Friday, May 18, 2007

6 year old view of Baghdad

Dima is a 6-year-old Iraqi girl living in Baghdad who was given a camera by
Index on Censorship to take pictures of her life in Baghdad.

See her pictures here

It is now 70 years since Picasso painted La femme qui pleure (Weeping Woman). The picture hangs in the Scottish Museum of Modern Art and the blurb on it states:

"This is one of Picasso’s most iconic images. It was created as one of the main studies for a huge mural commissioned for the Spanish Pavilion of the 1937 International Exhibition in Paris. Picasso chose to focus on the horror of the bombing of the small Basque town of Guernica, bombed at General Franco’s request. Some 1700 people were killed or wounded. The study of a weeping woman, her mouth fixed in a silent scream of pain, is a motif to convey the plight of the Spanish people of the Basque region."

See it here

It strikes me that nothing much has changed in these 70 years - womem still have their mouths fixed in silent screams of pain. No that's not true, actually their screams are very audible, it's just that those in power and those with the guns and the bombs and the fixed ideas of what is right and what is wrong - mostly men - choose to have selective deafness over their suffering.
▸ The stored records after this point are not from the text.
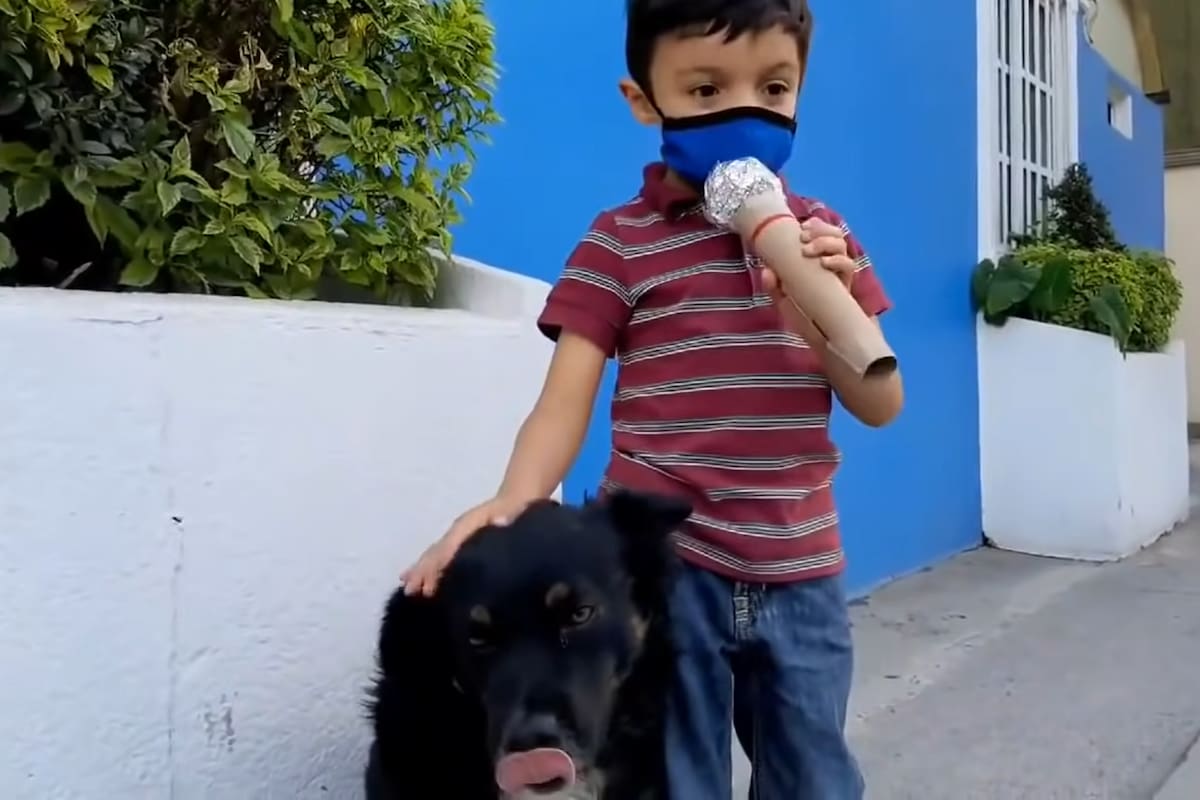 El niño improvisó un micrófono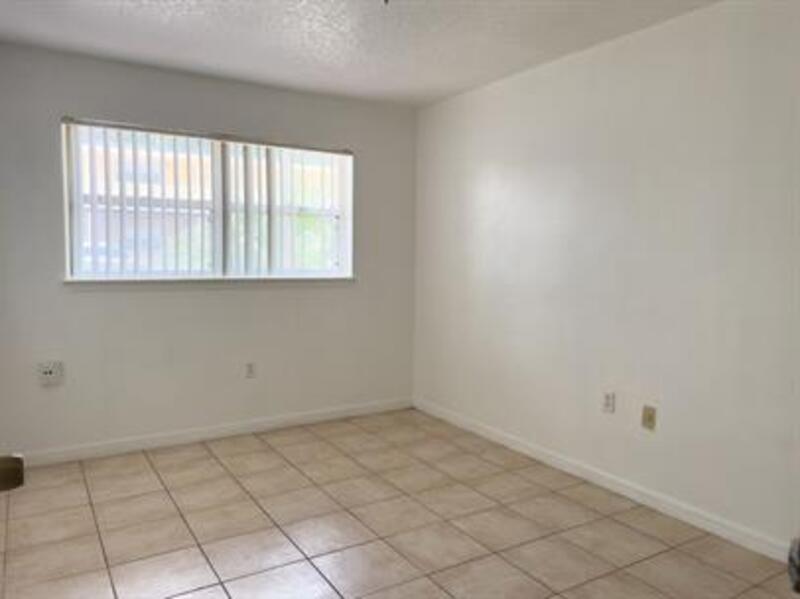 3000 ORANGE CTR BLVD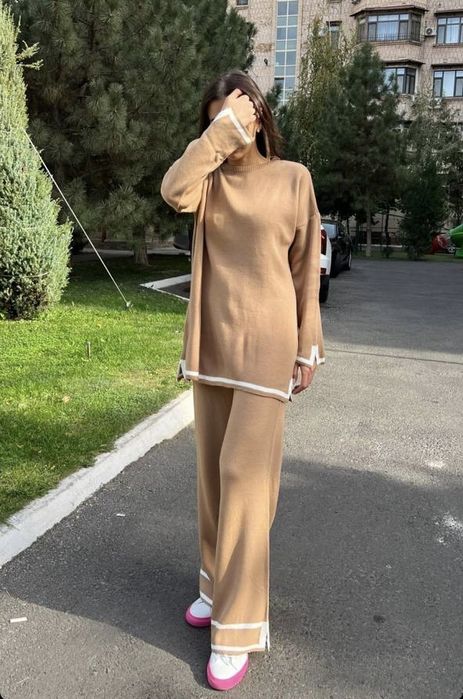 Осенние Костюмчики теплые, мягкие, новые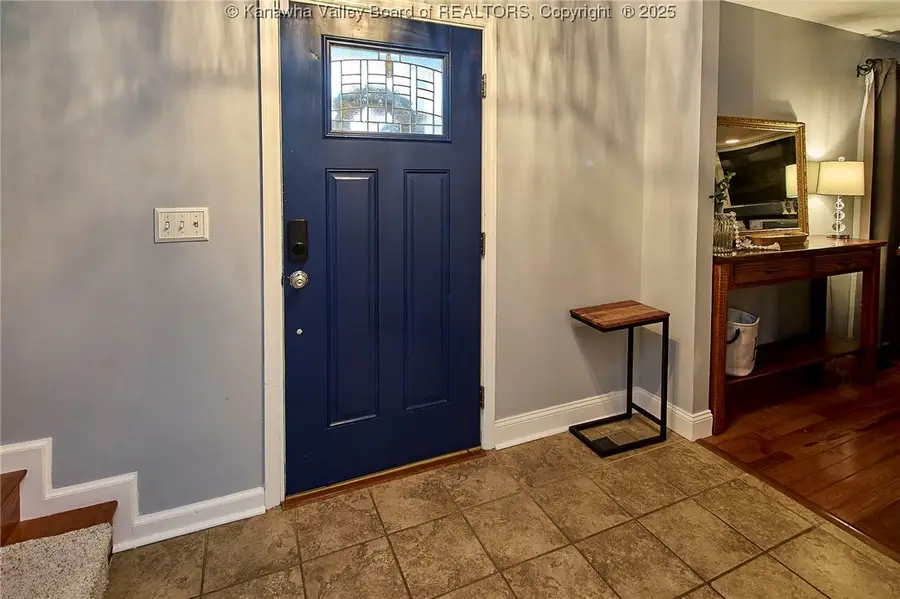 995 Hickory Mills Road, Hurricane, WV 25526 - Image #2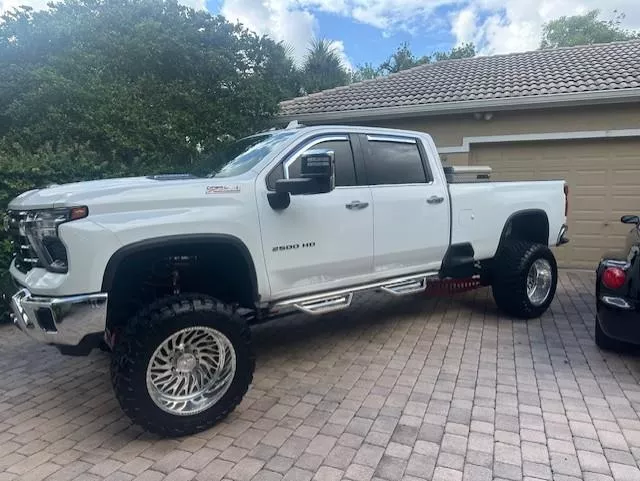 used Other Trucks Chevrolet  for sale, in Miami, FL Thumbnail 2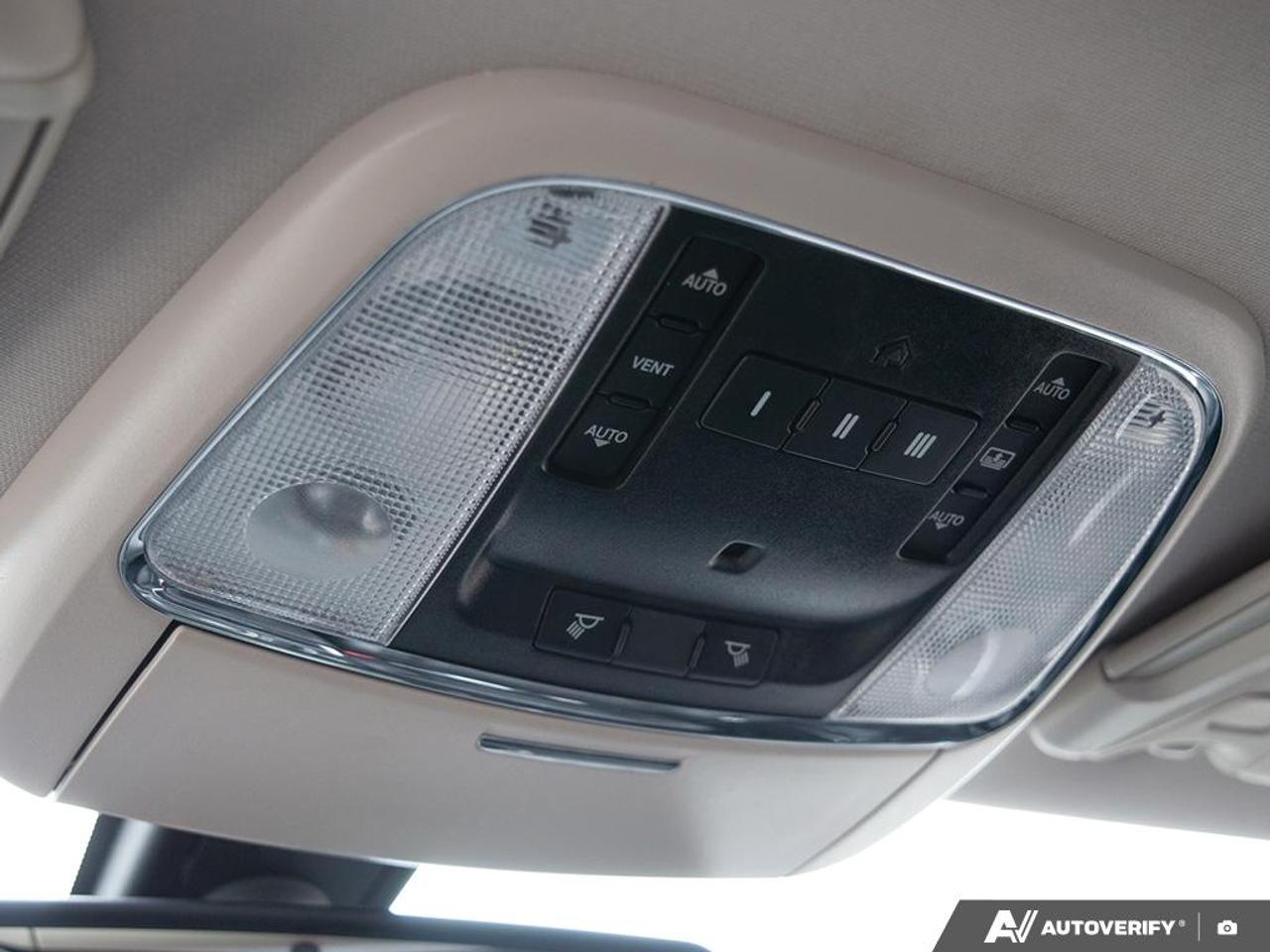 2018 Chrysler 300 LIMITED Photo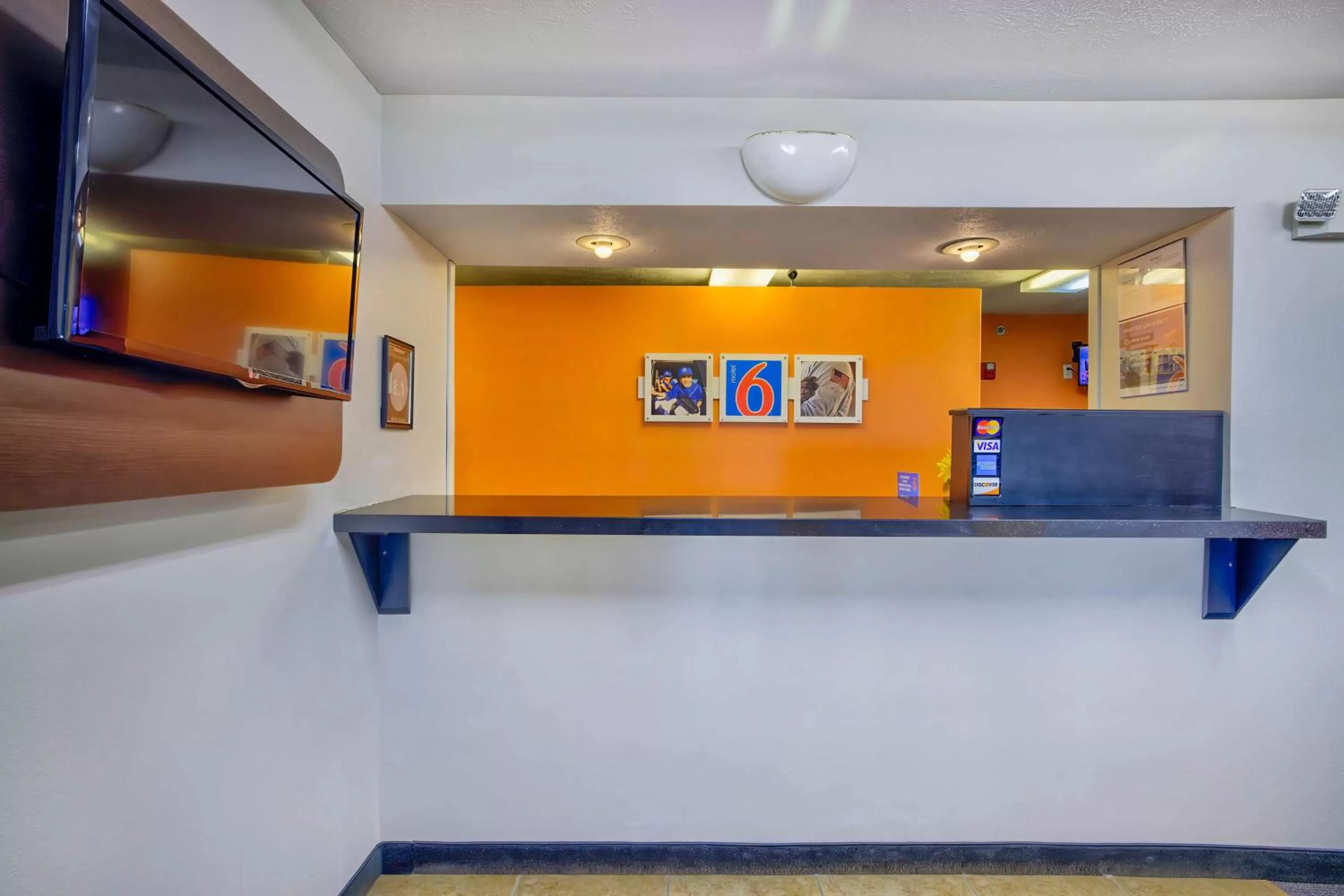 Lobby or reception in Motel 6-Percival, IA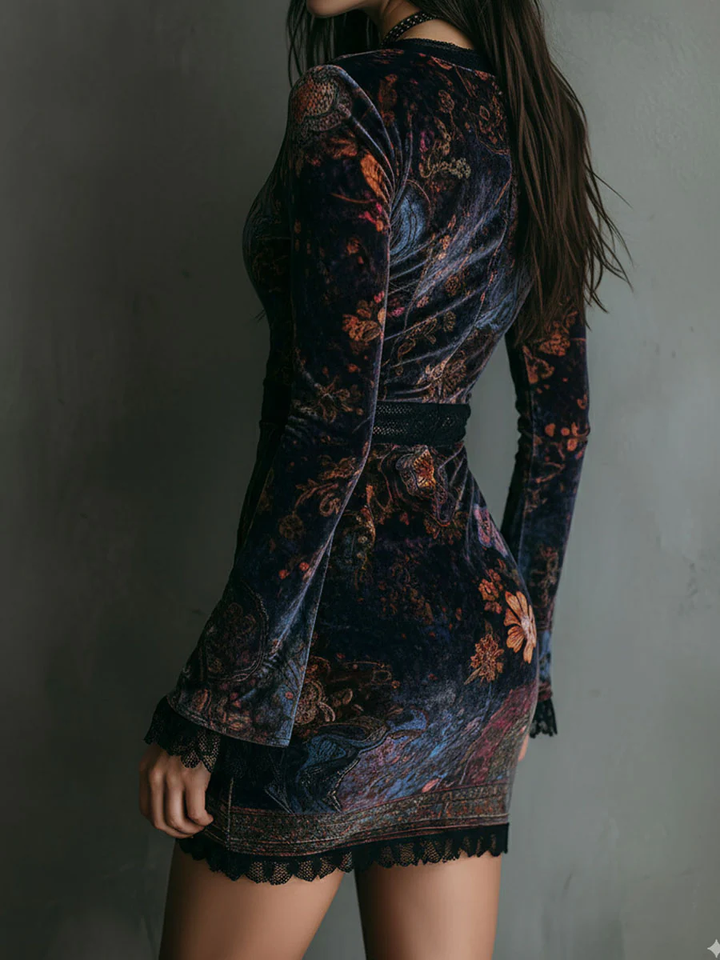 Robe Mini Slim-Fit en Velours à Imprimé Floral et Détails en Dentelle au Col V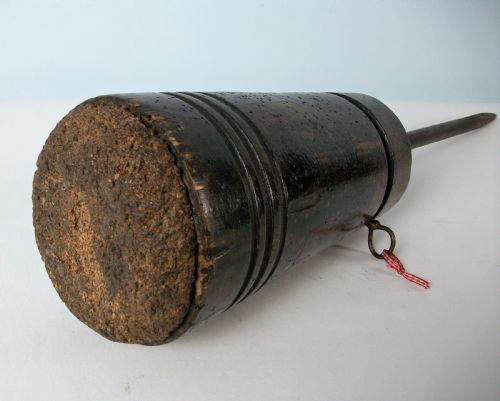 RARE ANTIQUE FALCONRY PERCH - ADDITIONAL PHOTO 2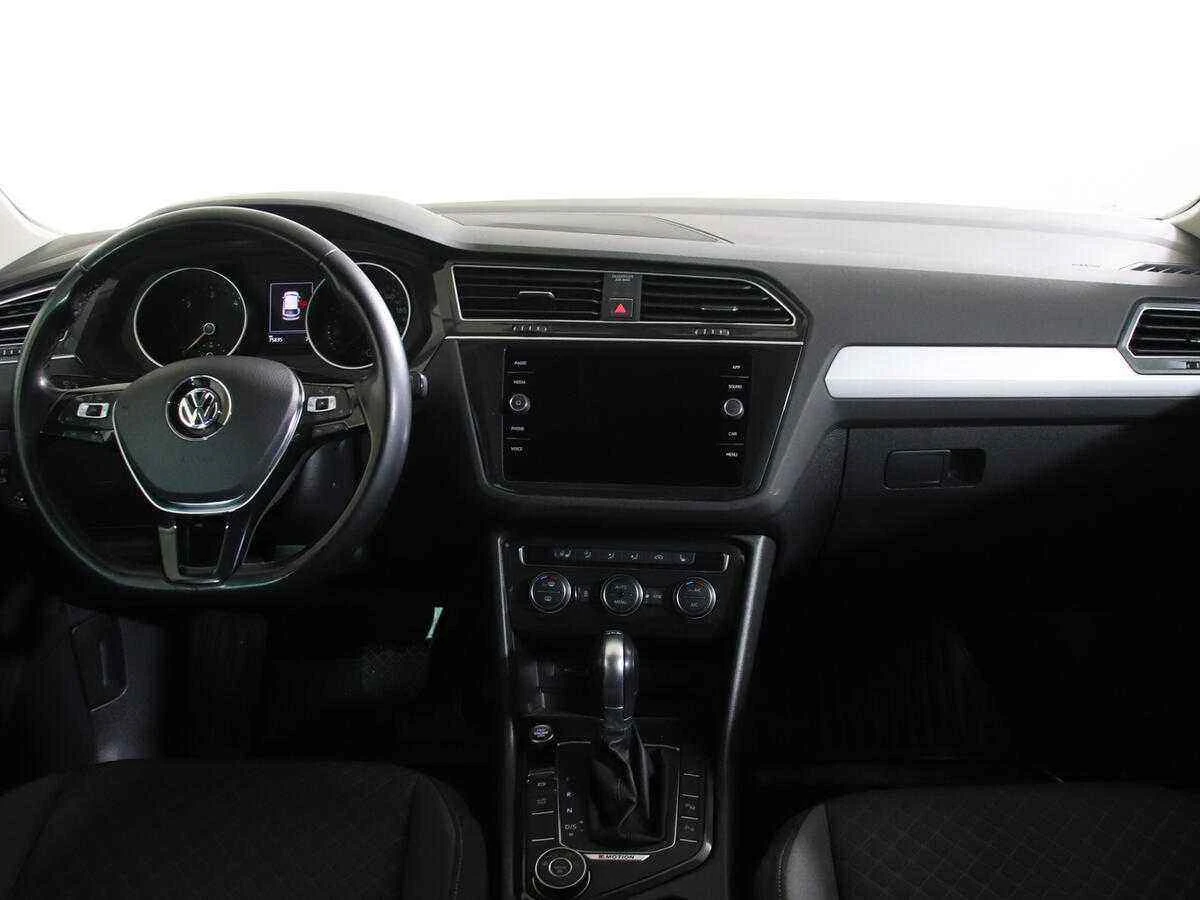Volkswagen Tiguan, Синий, 2018, Робот, 150 л.с., цена от 1 854 000 руб.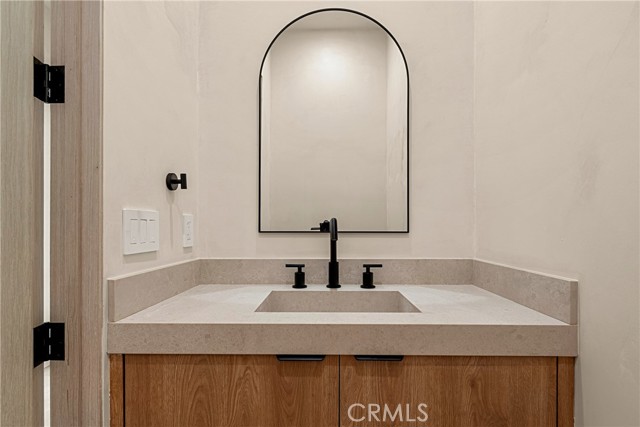 Detail Gallery Image 24 of 58 For 5525 Carpenter Ave, Valley Village,  CA 91607 - 5 Beds | 6/1 Baths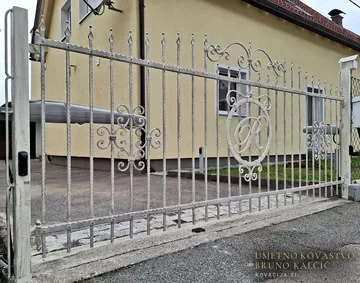 Kovana dvokrilna vrata 2/3 1/3 z monogramom, Celovec (Klagenfurt), Vrtna vrata in ograje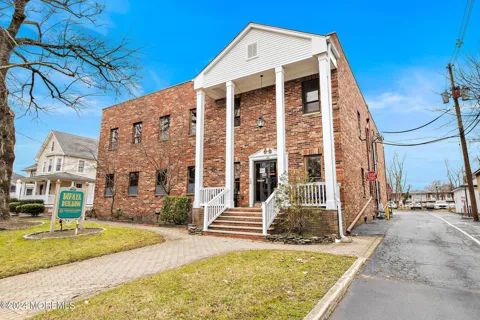 188 E Bergen Place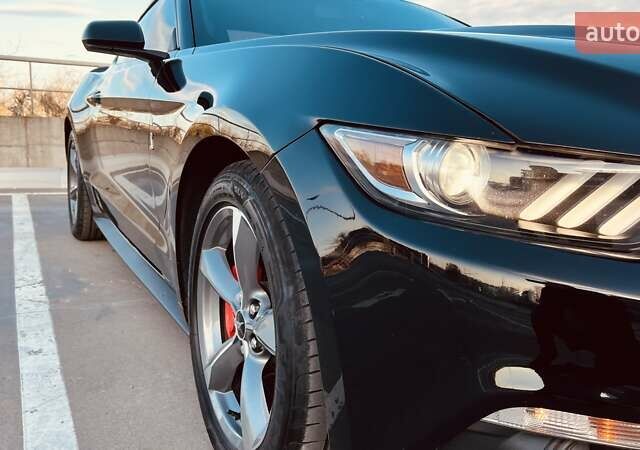 Чорний Форд Мустанг, об'ємом двигуна 2.26 л та пробігом 71 тис. км за 18500 $, фото 17 на Automoto.ua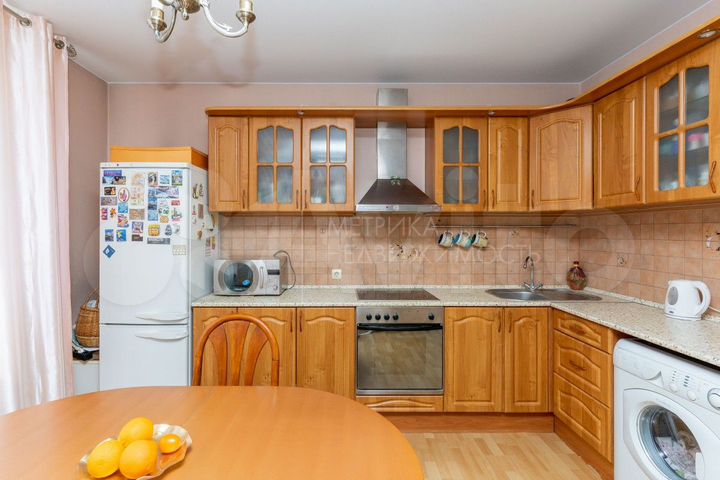 2-к. квартира, 80 м², 9/13 эт.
So this is how I feel about the endless images of suffering of women:

The Weeping Woman: Picasso, 1937

She’s wept for seventy years.
And with good cause, as nothing
has changed. Please, no more pictures

of howling women, iconic or otherwise!
Paint men instead, compassionate men,
and then she might just dry her eyes.

3 Comments:

Blogger chiefbiscuit said...

Well said.
Thanks for this post. Your quiet insistence against injustice is very effective.

2:20 pm  
Blogger apprentice said...

Oh I'm just so mad at so many things right now. If you listen to the BBC World Service at the moment it makes you want to weep. The injustice in the world just now is awful, and set to get worse if we don't start looking for real solutions. Dafur and Zimbabwe in particular.

11:52 am  
Blogger Lucy said...

Bravo, Apprentice, and thank you for sharing Dima's pictures, they were so moving and remarkable, and sad and infuriating. So much to weep for.